The Green Party of England and Wales is midway through its leadership elections. Currently two of the eight candidates are making a very clear pitch for the “gender critical” vote. Both Shahrar Ali and Andrea Carey Fuller have embraced definitions of women that exclude trans women from womanhood.

On Twitter there’s an eager audience of transphobes ready to encourage these comments. It’s been an unedifying spectacle. Both candidates have dipped their toe in the sea of transphobia – only to receive rapturous encouragement from some dark corners of Twitter.

The eager audience whip up even more extreme statements. We reached a peak where Carey Fuller retweeted a comment saying “transwomen are free to mimic any sexualised social stereotype of their liking.” Grossly offensive. Meanwhile Shahrar Ali has embraced a definition of women that excludes both trans women and intersex women from womanhood.

Both candidates do have some Green Party fans. Ironically some claim that both Carey Fuller and Ali will empower the party to move past “identity politics” and “trans rights activists”. Such claims are naive beyond belief. If we voted in Ali and Carey Fuller then the matter of trans rights would dominate the party in a manner never seen before.

If Ali and Carey Fuller were elected they would be the first party leaders outside the UKIP-Brexit Party bubble to embrace “Gender Critical” rhetoric. Such a position would have consequences.

The Green Party, as the party who has consistently stood against austerity and for migrants rights, is often a welcome feature on progressive platforms. Amelia Womack is a co-founder of Another Europe is Possible. Siân Berry has served on Compass’s management committee. The Green Party has been a welcome part of movements like the People’s Assembly Against Austerity. Embracing transphobia puts all of this at risk.

It is foolish not to realise that there would be a sharp backlash. There would be efforts to deplatform the party from positions it has. Activists from other parties would mercilessly exploit our new leader’s positions. Whilst some would pretend this would be more than offset by a surge of “politically homeless” people joining the party, there is little evidence for this. There has been no surge of members to join to vote for Ali or Carey Fuller.

Indeed many backers of Ali and Carey Fuller have griped about the eight pledges the LGBTIQA+ Greens have put together. They’ve been deemed “divisive” or “dirty tricks”. The polite scrutiny will be nothing compared to the level of media challenge if we elect Ali and Carey Fuller. The party should be ready to see our leaders having to spend a lot of time debating their views on gender instead of the Climate Emergency.

Throughout the election the energy and the enthusiasm of the Climate Strikers has been invoked repeatedly. These young people are incredibly inspiring. But would Ali and Carey Fuller’s leadership factor in that this generation is the most inclusive generation yet? Are we ready to embrace a trans rights position that would drive most Climate Strikers away?

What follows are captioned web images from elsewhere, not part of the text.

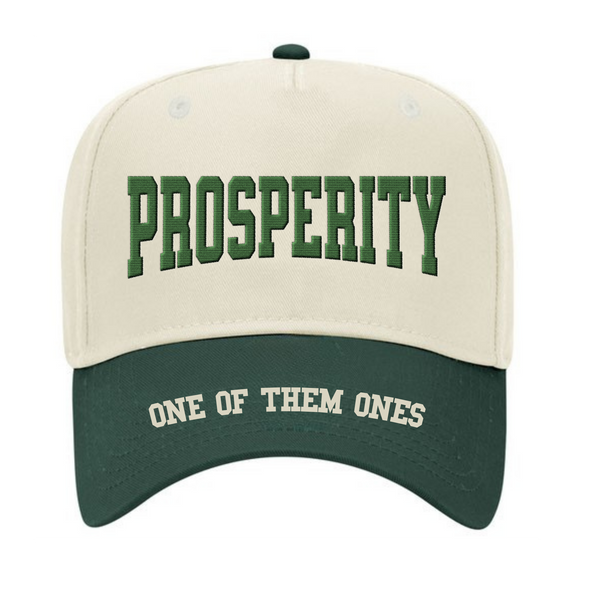 One Of Them Ones Prosperity 5 Panel Hat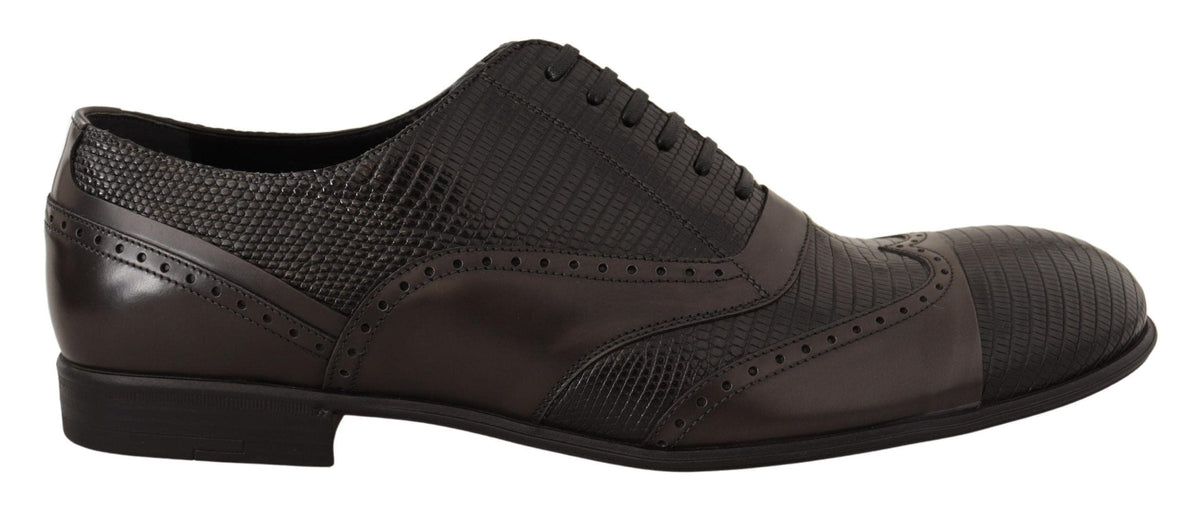 Chaussures Oxford élégantes en cuir de lézard marron Dolce &amp; Gabbana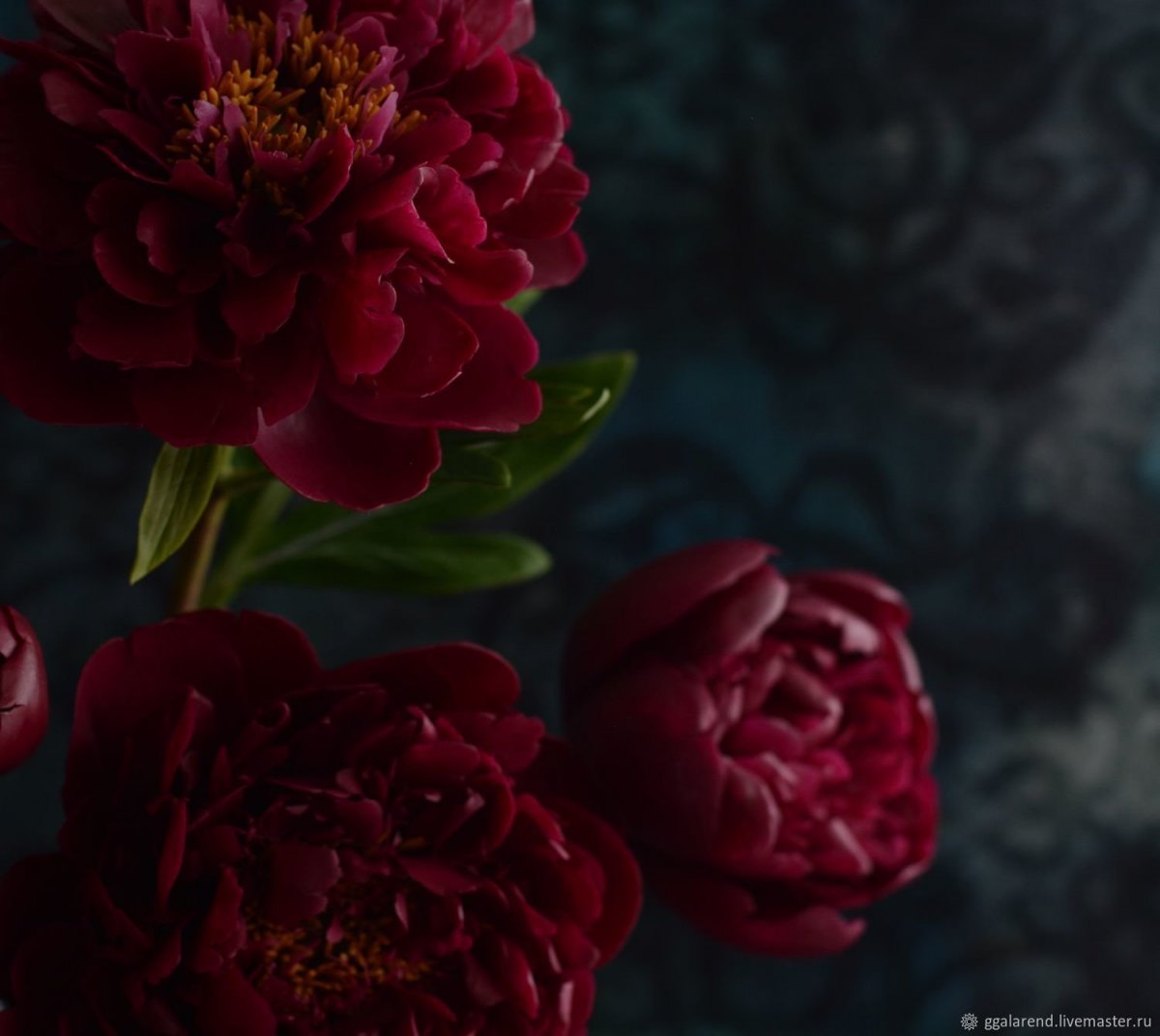 Пионы марсала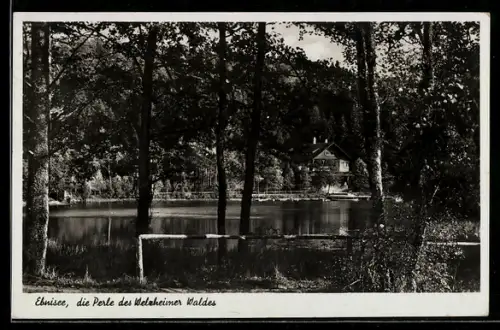 AK Kaisersbach, Hotel und Pension Ebnisee im Welzheimer Wald, Bes. Frau E. Steisslinger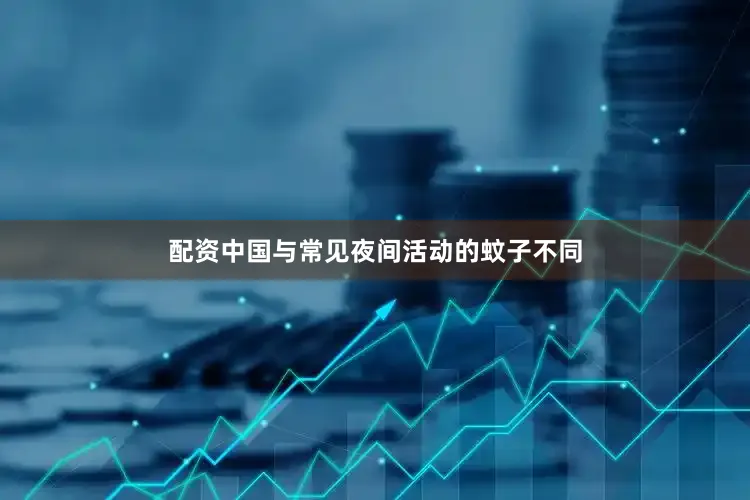 配资中国与常见夜间活动的蚊子不同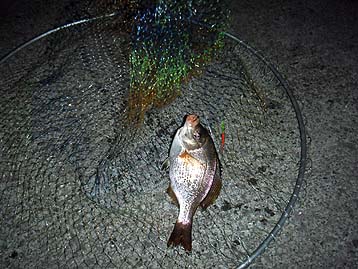 120607_2044tanago.jpg(39947 byte)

The most frustrating thing is that this leadership election has damaged many people’s faith in our party. Many members, supporters and LGBTIQA+ people have been alarmed to see transphobia so openly platformed. And this is by candidates who have repeatedly lost election to responsibility in the party. At the last leadership election Shahrar received only 17.5% of the vote against Jonathan Bartley and Siân Berry. At the London Assembly list selection Carey Fuller finished 15th out of 21 candidates.

Is it time that the Green Party realised that the bar to run for leadership is too low?